Netgear 3G Mobile Broadband Wireless Router unboxing
Frankly, there isn't a whole lot to say for Netgear's WWAN router, and that's a good thing. Cradlepoint is largely credited with starting this fad, but with devices like the MiFi making themselves known, the demand for these boxes is sure to slow. For folks who already own a USB WWAN stick -- or would rather more than five simultaneous users have access to their connection -- it's hard to go wrong with the MBR624GU.
By and large, the unit looks exactly like the rest of Netgear's routers. It's compact, lightweight and ought to travel well. Speaking of, Netgear assures us that a cigarette adapter is on the horizon, but for now, your best bet for using this whilst cruising is to snag a power inverter and use the conventional AC adapter. We used an admittedly overpowered 350W DC to AC Power Inverter from Radio Shack to power the router and our laptop in the car, and we never had any issues maintaining a connection on the go.
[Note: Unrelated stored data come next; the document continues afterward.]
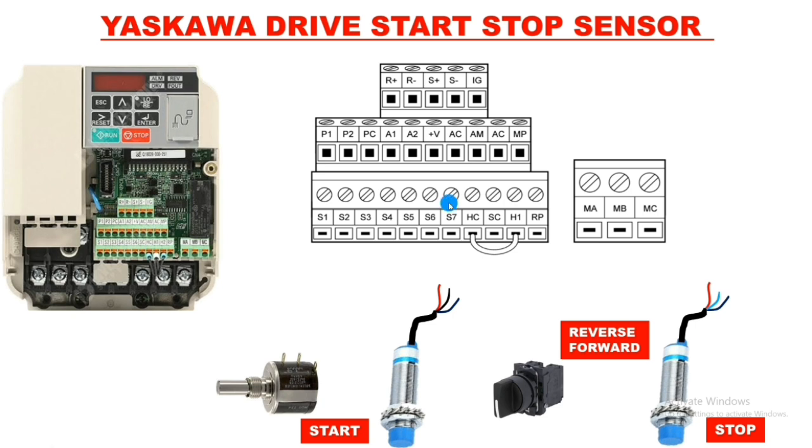First we understand the control terminal functions. This drive has seven digital inputs from S1 to S7. We will learn how to program these digital inputs and how to do the practical wiring. For connection we use SC — SC is the input common for zero volts. If you want to wire with plus 24 volts, use HC and H1, which is plus 24 volts.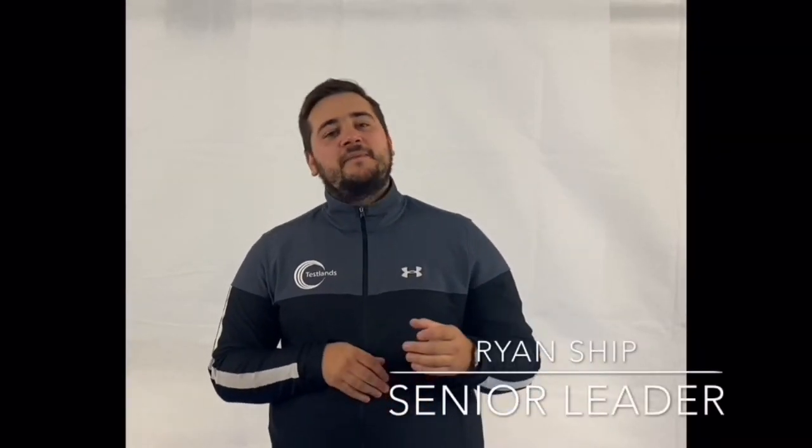Thanks for watching our videos and giving them a try. For more updates and more videos, don't forget to like and subscribe. From everyone at Testons, we hope to see you soon.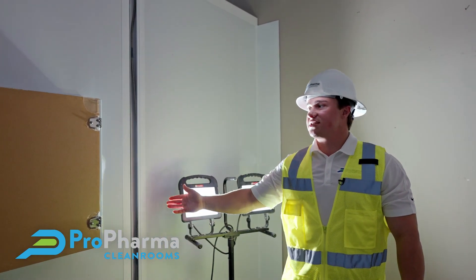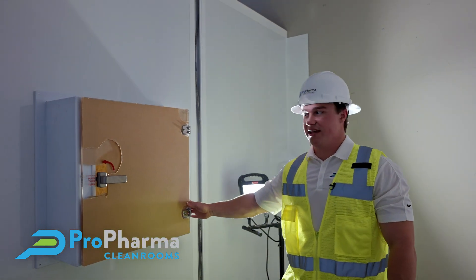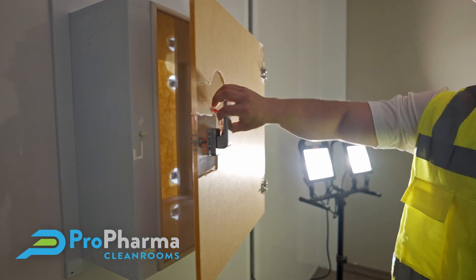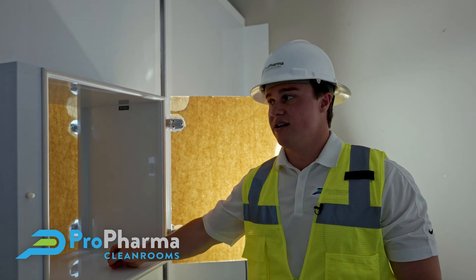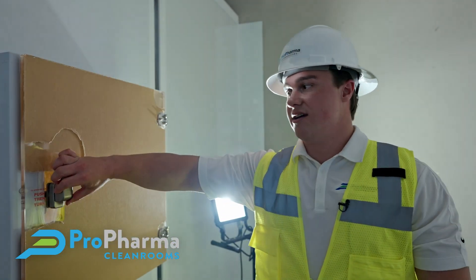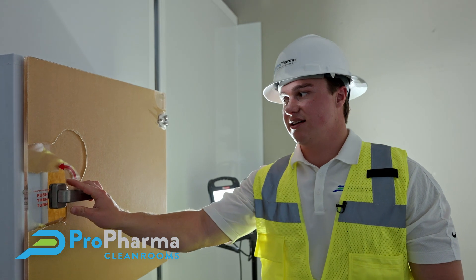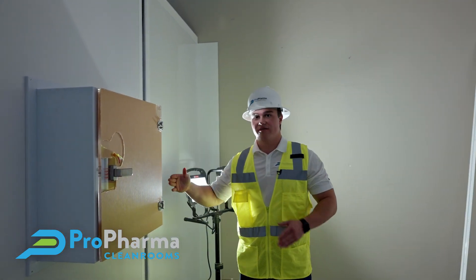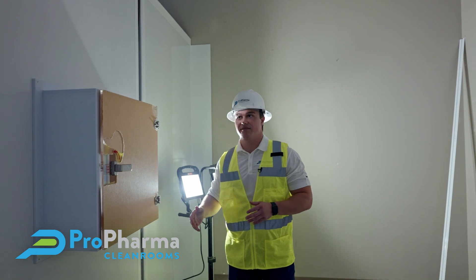Right here we've installed our pass-through, and the cool thing about these pass-throughs is they're interlocking. When you open this door and place your medicine here, you're not able to retrieve it from the other side until this door is closed and locked again. That helps maintain air cleanliness by preventing negative and positive pressure from mixing back and forth between rooms.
Setup was an absolute breeze. We simply plugged in our Sprint U727 EV-DO USB modem, nailed the "on" button, and within seconds a connection was live. The first time you connect via WiFi (at least through a PC), you'll be prompted to establish a router name, password, etc., and a few minutes later you're locked in and ready to roll. As for speed, you won't see a boost by using this over a direct USB connection, but it's the flexibility here that sells it. We connected three laptops and two phones at once, and while simultaneously downloading was obviously sluggish, it worked.
In the end, there's little else to say other than the device simply functions as it's supposed to. Connections are easy to establish and maintain, and there are even a foursome of Ethernet sockets for those who'd prefer to jack in directly. There's also a dedicated WiFi Protected Setup (WPS) button and a power on / off button that enables you to keep it plugged in but powered down when it's not needed. Our only real gripe is the omission of a WAN Ethernet jack, which would theoretically allow the device to double as a standard WLAN router. As it stands, you'll only be distributing WWAN signals over this, and unless you're locked into a USB stick for the better part of two years, the $100 asking price might be a bit much. 'Course, we'd probably feel differently if the MiFi didn't exist or if this thing had some sort of dual purpose, but as it stands, you'll need an awfully compelling reason to drop a Benjamin here in order to distribute your WWAN signals.